▶ _RECORDS FOR THE TASK_:
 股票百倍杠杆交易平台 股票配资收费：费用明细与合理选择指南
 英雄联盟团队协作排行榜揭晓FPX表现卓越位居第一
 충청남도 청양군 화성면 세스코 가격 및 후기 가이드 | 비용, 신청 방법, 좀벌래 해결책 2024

* * *

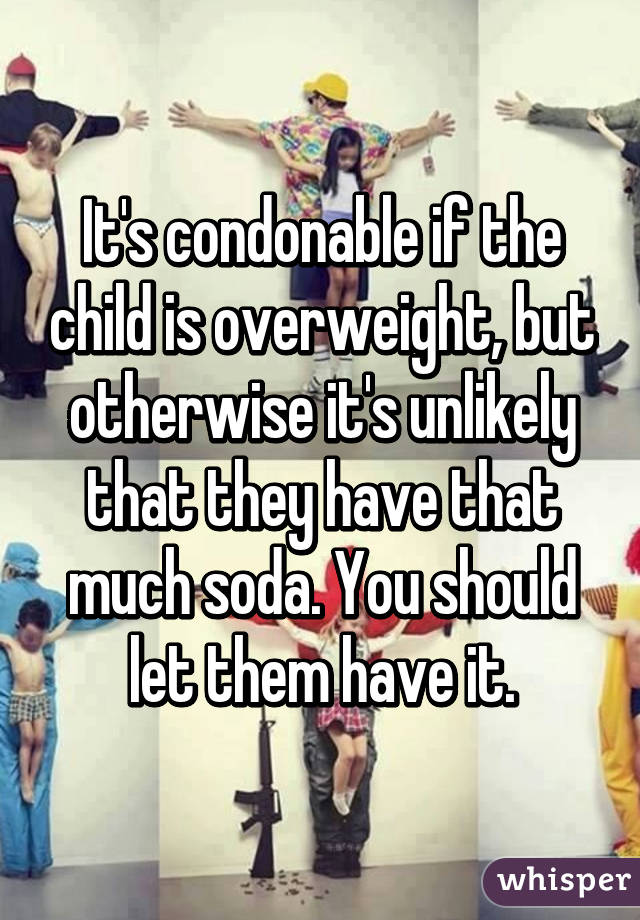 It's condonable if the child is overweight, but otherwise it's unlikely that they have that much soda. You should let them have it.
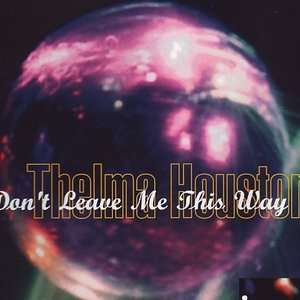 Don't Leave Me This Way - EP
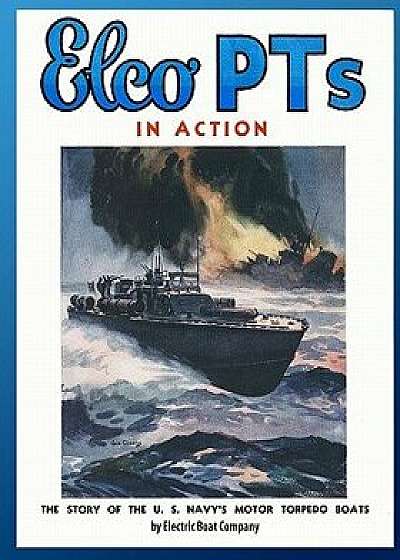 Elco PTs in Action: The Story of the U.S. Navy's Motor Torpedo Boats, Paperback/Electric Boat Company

▶ _EXERCISE AIM_:
From the data above, retype only the lines starting with the line with "Don't Leave Me This Way - EP" and going on through the line with "Elco PTs in", exactly, leaving out the pictures.

▶ _EXPECTED OUTPUT_:
 Don't Leave Me This Way - EP
 Elco PTs in Action: The Story of the U.S. Navy's Motor Torpedo Boats, Paperback/Electric Boat Company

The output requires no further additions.